Dessa vez não tem “meu bem”, “meu amor”, “meu anjo” ou nenhuma dessas expressões de ternura que eu sempre usei com você. É mais um daqueles meus desabafos de quem está cansada de esperar e ouvir promessas vazias (ou até algumas cumpridas). Na verdade, não é bem cansaço, é constatação. Sei lá, chega uma hora que a gente tem que tomar umas decisões e jogar fora ou invalidar velhas escolhas. Dessa vez a minha escolha recai sobre você.
É tão difícil assim entender que eu não vejo mais por que eu me apaixonei por esse cara de 1,80m que sempre me chamou de “minha pra sempre”? A gente cresce, tenta, sofre, sorri e cansa. Eu simplesmente cansei. Mas era um risco a se correr com toda essa coisa de eu dar mais valor a mim mesma do que aos outros. Não é egoísmo, não. É independência. E você esteve do meu lado até que começaram as brigas e a gente desandou. Normal, isso acontece com todo mundo, inclusive com a gente. E chegou num ponto em que remendo nenhum salvaria a gente de um naufrágio. Mas você insiste em me dizer com esses seus olhos azuis insuportavelmente claros que a gente ainda pode dar certo. Entende uma coisa, rapaz: acabou. Eu ainda gosto de você e você sente a minha falta. Mas acabou. Não adianta de nada a gente tentar colocar reticências no lugar de um belo ponto final e guardar tudo o que aconteceu em moleskines velhos engavetados no meu quarto. Eu acho que o melhor é deixar as coisas no passado e lembrar delas como algo bonito que passou. Melhor que ficar tentando requentá-las no microondas e sofrer o desgaste iminente.
O sexo era bom, você sabia onde tocar e a gente se divertia horrores. Eu sei que a gente se conheceu lá pelos meus 16 anos quando eu era uma rebelde incurável do ensino médio. E depois teve aquela nossa viagem pra Inglaterra onde todo mundo queria te deixar sozinho no quarto do Hotel porque você era meio estranho e tímido demais pra enlouquecer com a gente e com as drogas da estação. Mas já te disse que só usei uma ou vinte vezes aqueles velhos baseados que a nossa turminha costumava gostar. A nossa primeira vez foi exatamente naquele dia em que eu voltei correndo na chuva pra buscar a minha bolsa e você me esperou na esquina, me puxou pela mão, me jogou dentro do carro e levantou o meu vestido vermelho (e eu me lembro que a cor do seu rosto era da mesma cor do meu vestido). Mas viu? Passado é passado e a gente tem que desalojar o outro da nossa vida. Eu vou buscar minhas coisas na segunda-feira, você pode assistir ao jogo lá em casa. Eu não ligo. Só não quero mais ter que dividir a chave com um estranho.

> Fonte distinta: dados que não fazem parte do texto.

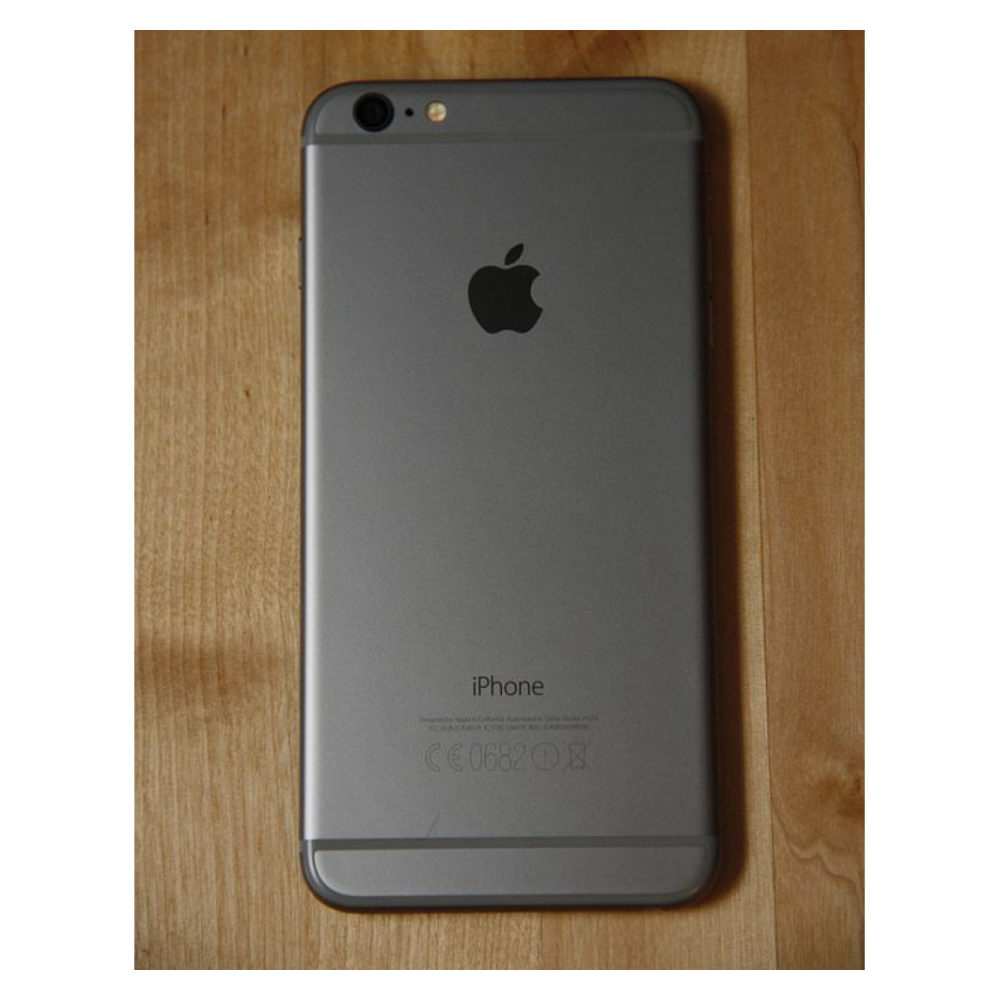 Apple iPhone 6 Plus Screen 5.5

E daí você me pergunta por que você se tornou um estranho da noite pro dia? E eu te digo que não estou falando de você. Estou falando da estranha que eu me tornei. Essa mulher de fibra, reconhecida pelos seus diplomas e pelo seu péssimo gosto pra restaurantes italianos, que se guardou numa redoma de vidro e decidiu viver um mundo de fantasias que éramos nós dois. Eu te amei sim. Agora é hora de olhar para frente, comprar umas roupas novas, reclamar da solidão nos dias de chuva e pegar a estrada pra praia nos dias ensolarados. Nós vamos acabar nos tornando amigos. Você sabe disso porque nós sempre fomos assim. Só que eu, maluca, destrambelhada, complexa, bipolar e mais cheia das certezas do que nunca, sei que agora eu quero ser minha, só minha e não de quem quiser. Agora as coisas vão ser do meu jeito, da forma que eu quiser. Eu posso estar enganada quanto a tudo isso e quanto a nós dois. Eu posso estar sofrendo uma daquelas crises de quando a gente chega aos vinte e tantos anos e não sabe ainda o que quer da vida. Eu posso te ligar amanhã pedindo desculpas por tudo e pedindo pra você voltar correndo e me abraçar no sofá lá de casa.
Só sei que agora eu vou viver à minha maneira. As coisas vão ser do meu jeito louco e insuportável. Do meu jeito leviano e um tanto quanto sério de me cobrar as coisas. Da forma mais tranquila e serena de ver o mundo enquanto um furacão passa pela nossa vida. Não vou te pedir desculpas, não. Porque daqui a algum tempo a gente se encontra. E vai que eu me apaixono de novo por você e por mim mesma? Eu sei que sou doida de pedra. Mas eu sou assim: a mulher da sua vida.